Child welfare advocates protest Messenger Kids — can Facebook meet them halfway?

Child welfare advocates protest Messenger Kids — can Facebook meet them halfway?

Facebook’s feet are being held to the fire again — this time, its being criticized by those hoping to protect children.

Child advocacy group Campaign for a Commercial-Free Childhood (CCFC) today wrote an open letter to Facebook’s Mark Zuckerberg today in which they outlined their objections to Facebook’s child-centered app, Messenger Kids. The letter has been signed by more than 100 organizations and individuals.

The CCFC wraps up the letter by asking Facebook to delete Messenger Kids, but let’s be realistic — Facebook’s not going to do that.

The company is desperate to pull in the previously-untapped audience of under-13s before the next Snapchat does, and it’s not going to give up the easy sell of a kid-friendly alternative.

My colleague Bryan has already pointed out Facebook, for all its nice language about appealing to children, Facebook comes across more like it’s trying to indoctrinate a younger, more malleable audience. It’s not the first company to try it, nor is it likely to be the last, especially on social media.

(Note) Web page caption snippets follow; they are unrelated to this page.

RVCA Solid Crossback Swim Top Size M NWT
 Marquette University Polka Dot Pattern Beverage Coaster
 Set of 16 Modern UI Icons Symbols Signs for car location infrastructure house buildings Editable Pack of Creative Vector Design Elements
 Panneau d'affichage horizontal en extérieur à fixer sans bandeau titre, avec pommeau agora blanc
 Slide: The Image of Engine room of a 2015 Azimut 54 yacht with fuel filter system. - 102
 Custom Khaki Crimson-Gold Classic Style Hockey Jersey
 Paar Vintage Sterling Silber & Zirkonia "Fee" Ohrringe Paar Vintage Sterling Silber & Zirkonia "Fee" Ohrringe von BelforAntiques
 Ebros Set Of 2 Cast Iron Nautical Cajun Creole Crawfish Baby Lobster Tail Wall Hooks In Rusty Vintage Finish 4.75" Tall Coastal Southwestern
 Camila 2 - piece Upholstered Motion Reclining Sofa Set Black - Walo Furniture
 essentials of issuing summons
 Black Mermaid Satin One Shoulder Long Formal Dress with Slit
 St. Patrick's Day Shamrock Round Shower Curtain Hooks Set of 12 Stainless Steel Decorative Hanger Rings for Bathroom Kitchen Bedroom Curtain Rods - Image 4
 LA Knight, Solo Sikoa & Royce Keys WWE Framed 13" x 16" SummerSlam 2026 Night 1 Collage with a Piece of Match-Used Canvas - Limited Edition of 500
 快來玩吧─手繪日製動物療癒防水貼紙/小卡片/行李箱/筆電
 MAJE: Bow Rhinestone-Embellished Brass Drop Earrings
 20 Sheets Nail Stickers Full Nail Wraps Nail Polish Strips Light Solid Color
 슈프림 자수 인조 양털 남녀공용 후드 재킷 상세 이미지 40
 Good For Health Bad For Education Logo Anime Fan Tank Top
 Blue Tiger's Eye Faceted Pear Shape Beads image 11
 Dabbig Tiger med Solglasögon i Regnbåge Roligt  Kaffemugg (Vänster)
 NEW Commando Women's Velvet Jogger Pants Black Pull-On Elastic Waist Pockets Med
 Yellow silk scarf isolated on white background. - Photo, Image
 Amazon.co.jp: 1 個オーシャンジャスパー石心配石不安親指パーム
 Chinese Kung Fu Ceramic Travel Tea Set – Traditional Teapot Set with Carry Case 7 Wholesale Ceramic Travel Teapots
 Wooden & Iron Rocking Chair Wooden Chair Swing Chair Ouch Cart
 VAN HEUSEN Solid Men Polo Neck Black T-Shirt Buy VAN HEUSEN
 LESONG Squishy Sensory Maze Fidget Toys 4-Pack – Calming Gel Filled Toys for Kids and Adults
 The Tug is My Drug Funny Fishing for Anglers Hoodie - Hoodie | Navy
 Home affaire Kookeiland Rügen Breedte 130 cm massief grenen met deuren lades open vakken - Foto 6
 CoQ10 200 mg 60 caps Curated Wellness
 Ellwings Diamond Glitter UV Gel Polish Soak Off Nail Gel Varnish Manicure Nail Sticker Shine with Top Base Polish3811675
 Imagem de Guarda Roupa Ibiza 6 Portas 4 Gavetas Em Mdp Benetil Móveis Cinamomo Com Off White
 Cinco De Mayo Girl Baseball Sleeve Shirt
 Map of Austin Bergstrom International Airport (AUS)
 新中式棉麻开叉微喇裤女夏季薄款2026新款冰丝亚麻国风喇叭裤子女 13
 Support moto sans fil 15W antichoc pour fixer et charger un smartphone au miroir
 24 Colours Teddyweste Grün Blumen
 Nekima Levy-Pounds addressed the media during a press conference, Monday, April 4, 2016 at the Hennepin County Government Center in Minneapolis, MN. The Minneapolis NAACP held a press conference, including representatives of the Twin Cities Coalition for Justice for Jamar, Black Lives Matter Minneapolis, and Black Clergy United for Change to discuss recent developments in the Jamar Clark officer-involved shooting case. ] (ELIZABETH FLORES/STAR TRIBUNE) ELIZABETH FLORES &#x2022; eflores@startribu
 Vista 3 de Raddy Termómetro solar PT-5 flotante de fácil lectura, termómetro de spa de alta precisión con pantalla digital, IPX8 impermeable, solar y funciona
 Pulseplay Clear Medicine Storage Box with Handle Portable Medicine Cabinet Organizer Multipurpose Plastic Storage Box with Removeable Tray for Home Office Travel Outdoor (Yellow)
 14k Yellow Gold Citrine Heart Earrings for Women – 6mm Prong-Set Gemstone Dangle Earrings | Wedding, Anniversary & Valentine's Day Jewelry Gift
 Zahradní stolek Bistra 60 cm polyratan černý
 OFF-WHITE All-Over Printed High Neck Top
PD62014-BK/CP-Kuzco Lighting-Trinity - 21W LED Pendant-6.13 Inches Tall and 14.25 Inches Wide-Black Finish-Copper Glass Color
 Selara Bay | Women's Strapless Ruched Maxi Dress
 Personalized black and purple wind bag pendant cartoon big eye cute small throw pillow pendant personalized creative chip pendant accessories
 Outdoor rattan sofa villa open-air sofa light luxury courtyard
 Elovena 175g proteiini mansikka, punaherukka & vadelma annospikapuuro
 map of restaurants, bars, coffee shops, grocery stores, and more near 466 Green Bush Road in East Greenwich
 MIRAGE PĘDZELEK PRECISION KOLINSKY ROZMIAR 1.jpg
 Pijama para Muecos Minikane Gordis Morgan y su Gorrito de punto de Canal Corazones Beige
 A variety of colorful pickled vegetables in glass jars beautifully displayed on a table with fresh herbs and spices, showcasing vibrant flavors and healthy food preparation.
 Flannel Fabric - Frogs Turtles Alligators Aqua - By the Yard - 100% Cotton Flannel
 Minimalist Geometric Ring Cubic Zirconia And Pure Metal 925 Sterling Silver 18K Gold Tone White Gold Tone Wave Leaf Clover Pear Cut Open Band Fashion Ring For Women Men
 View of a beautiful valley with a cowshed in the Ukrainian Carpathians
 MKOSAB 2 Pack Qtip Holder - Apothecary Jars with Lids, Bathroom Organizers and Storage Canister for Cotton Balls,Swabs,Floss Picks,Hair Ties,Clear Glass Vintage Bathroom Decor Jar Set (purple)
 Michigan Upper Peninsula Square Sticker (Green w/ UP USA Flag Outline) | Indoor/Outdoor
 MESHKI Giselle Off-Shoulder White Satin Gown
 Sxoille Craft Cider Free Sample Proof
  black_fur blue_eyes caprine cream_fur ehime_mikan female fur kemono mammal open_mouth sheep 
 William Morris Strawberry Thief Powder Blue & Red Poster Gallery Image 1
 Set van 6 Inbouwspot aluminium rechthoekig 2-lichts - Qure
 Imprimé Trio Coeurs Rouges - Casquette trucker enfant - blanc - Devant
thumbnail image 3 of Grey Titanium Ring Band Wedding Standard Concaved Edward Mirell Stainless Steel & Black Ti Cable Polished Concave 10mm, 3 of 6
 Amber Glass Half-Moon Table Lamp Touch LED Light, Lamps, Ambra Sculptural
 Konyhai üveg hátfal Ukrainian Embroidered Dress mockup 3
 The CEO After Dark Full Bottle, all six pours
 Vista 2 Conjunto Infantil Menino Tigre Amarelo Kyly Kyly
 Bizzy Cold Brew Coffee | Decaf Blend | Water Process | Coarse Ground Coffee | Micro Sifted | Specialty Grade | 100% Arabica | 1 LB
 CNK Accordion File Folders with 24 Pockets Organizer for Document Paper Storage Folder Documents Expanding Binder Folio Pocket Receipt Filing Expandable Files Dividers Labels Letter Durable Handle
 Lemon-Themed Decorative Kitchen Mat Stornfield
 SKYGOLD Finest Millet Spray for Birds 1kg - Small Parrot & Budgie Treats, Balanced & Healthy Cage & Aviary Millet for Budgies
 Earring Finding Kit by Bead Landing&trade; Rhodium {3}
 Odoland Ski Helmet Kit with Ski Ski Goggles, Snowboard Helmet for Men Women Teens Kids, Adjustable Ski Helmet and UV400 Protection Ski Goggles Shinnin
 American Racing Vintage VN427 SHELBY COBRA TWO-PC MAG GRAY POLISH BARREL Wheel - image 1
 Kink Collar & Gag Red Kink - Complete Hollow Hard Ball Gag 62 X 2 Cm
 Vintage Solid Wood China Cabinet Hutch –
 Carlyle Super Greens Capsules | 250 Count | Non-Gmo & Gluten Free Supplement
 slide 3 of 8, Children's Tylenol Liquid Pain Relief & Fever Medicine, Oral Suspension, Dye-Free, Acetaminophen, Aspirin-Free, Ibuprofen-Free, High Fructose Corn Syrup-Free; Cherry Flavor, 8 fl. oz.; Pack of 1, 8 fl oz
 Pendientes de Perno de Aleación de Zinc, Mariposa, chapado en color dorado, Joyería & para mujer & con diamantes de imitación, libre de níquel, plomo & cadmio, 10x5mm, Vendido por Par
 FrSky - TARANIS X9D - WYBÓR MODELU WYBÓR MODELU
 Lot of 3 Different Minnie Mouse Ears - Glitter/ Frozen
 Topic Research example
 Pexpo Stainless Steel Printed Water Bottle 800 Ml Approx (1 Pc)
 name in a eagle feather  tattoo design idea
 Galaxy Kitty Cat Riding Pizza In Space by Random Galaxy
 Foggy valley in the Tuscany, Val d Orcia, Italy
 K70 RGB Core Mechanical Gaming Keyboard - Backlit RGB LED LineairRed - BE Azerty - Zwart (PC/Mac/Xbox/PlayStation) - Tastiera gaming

That said, and despite the downsides the letter cites, the CCFC also acknowledges there is a niche for online messengers:

We understand that not all relationships can be face-to-face. One of Facebook’s stated rationales for creating Messenger Kids is to help kids connect with long-distance family members, including parents in the military. But talking to family and friends over long distances doesn’t require a Messenger Kids account. Kids can use parents’ Facebook, Skype, or other accounts to chat with relatives. They can also just pick up a phone.

So a space for juvenile social messaging exists — it’s just for “other accounts” to fill, rather than Facebook. But why not Facebook?

There is a compromise between “deleting Messenger Kids” and “changing nothing about Messenger Kids at all.” If Facebook is interested in meeting child welfare groups midway, here’s a good way it can start: Limit the amount of time kids spend on the app.

For example, have the app allow the child only a couple of hours a day, or a certain number of messages. Then the app locks until a parent unlocks it and/or grants the child more time or messages to use. Then you’ve got an app that’s both kid-friendly and a tool for discipline.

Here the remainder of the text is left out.